The Rev. Stephanie Wethered, rector of St. Peter’s Episcopal Church in Essex Fells, New Jersey, told ENS in an interview that it made “no business or moral sense” to her to require all diocesan clergy to face the potential of a salary and/or benefit reduction in order to ensure that a handful of parishes “do the right thing” and insure their eligible lay employees.

St. Peter’s parish fully covers the cost of providing her and its four full-time lay employees with health, short-term disability and life insurance, pension benefits and a health savings account. She said the parish purchases its health insurance for less money outside of the Medical Trust and thus she opposes the mandate that participants purchase insurance via that agency.

A plan to present the cost-sharing proposal at the diocese’s January convention was shelved in favor of a special convention on the issue June 9. In announcing the special convention, Bishop Mark Beckwith said that there are “some critical justice issues in providing parity of benefits for the clergy and laypeople who work for the church” and added that there are also “some significant financial realities that need to be considered.” He said the committee’s proposal had sought a balance between what he called “justice and financial reality.”

Wethered told ENS that she is “heartened” by recent refinements the advisory committee has made to the proposal that will come to the special convention. While the 10 percent cost-sharing proposal is still on the table the group has proposed alternative ways to achieve parity in funding.

In January, the annual diocesan convention asked General Convention delay the implementation deadline. The language echoed an October 2011 resolution in the Diocese of Olympia.

Predictions of unintended consequences
Those advocating for changes in the plan not only worry that the ways dioceses set their cost sharing policies could result in an effective salary reduction to those whose benefits are currently fully paid by their employers, they also suggest that employers will choose the minimum standard as the maximum standard and employees would thus have their benefits reduced.

“It’s incredibly naïve to think that [congregational leadership] wouldn’t use that mandate to free themselves of that burden” that the cost of health insurance places on budgets during “these really financially tough times,” Wethered said.

Two members of the Diocese of East Carolina told ENS in a phone interview that A177 mandates are indeed financially burdensome. Monty Pollard of St. Paul’s Episcopal Church in Greenville, North Carolina “it’s not that we don’t care about our employees but it’s a dollars and cents thing” for congregations that are trying to be “disciplined” in managing their budgets.

Dave Whichard said that in many members of their parish are not able to provide to their families the same level of coverage that the diocese says must be provided to the parish’s employees. “You’ve got to have some parity there, too, it seems to me,” he said.

East Carolina’s convention has asked its deputation to General Convention to support efforts to postpone the implementation date and to make the plan “more truly denomination-wide, addressing such issues as the number of bands that establish the costs of such insurance and the lack of a single nation-wide pool of participants.”

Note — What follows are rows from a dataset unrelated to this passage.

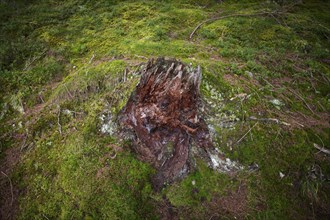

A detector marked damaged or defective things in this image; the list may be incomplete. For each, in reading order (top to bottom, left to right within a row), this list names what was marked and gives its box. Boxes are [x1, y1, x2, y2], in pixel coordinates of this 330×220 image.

splintered wood [120, 58, 213, 191] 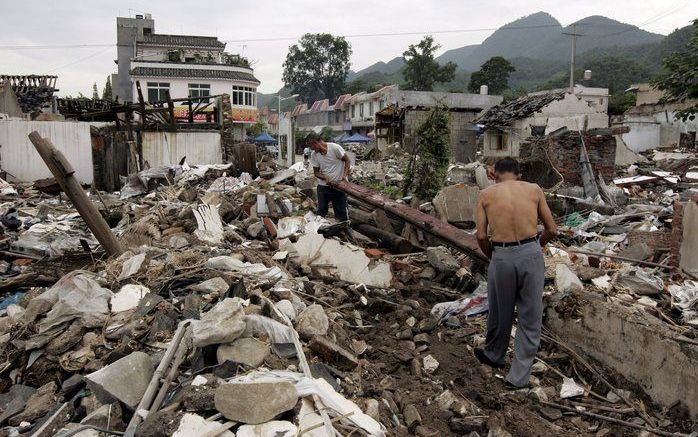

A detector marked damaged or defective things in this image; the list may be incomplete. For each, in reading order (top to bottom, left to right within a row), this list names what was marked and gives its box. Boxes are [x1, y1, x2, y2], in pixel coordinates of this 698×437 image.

damaged wall [0, 118, 101, 183]
damaged wall [140, 129, 219, 167]
earthquake damage [0, 93, 692, 436] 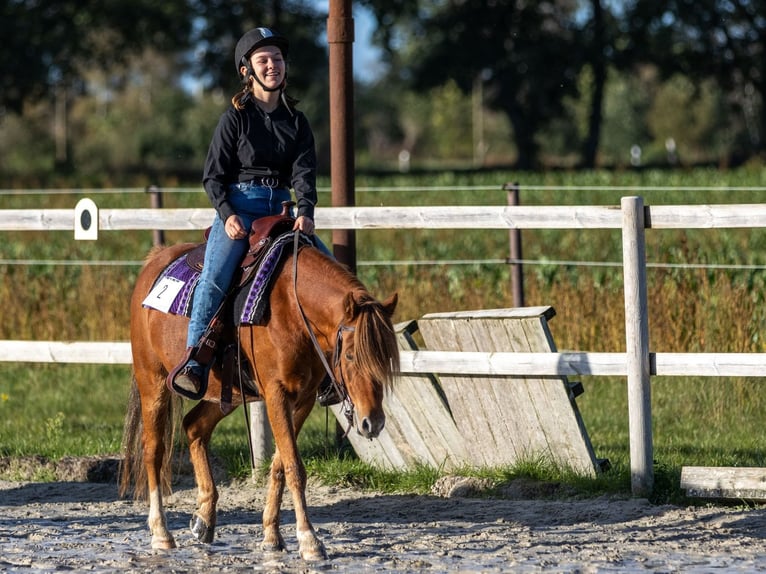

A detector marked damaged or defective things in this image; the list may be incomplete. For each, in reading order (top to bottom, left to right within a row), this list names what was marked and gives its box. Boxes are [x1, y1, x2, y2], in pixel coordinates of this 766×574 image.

Back in Newark the Rev. Thomas Matthews, rector of St. Luke’s Episcopal Church in Phillipsburg, New Jersey, who listened to part of the A177 debate in 2009, said some dioceses’ implementation plans seem to be using the resolution’s mandates as “a reset button on how we cover clergy and laity all together.” He wants to see the 2012 meeting of General Convention stipulate that A177 was not meant to result in “reduction in [clergy] benefits as a way to extend benefits to laity.”

The Diocese of Missouri specifically addressed that concern during its November 2012 convention by saying that employers in the diocese “shall not reduce existing coverage or increase the cost of existing coverage to employees to comply with A177.”

Matthews and Wethered also suggested that, in Matthews’ words, “some lay people are going to have their hours decreased so that churches don’t have to pay for it” because they would then fall below the eligibility definition.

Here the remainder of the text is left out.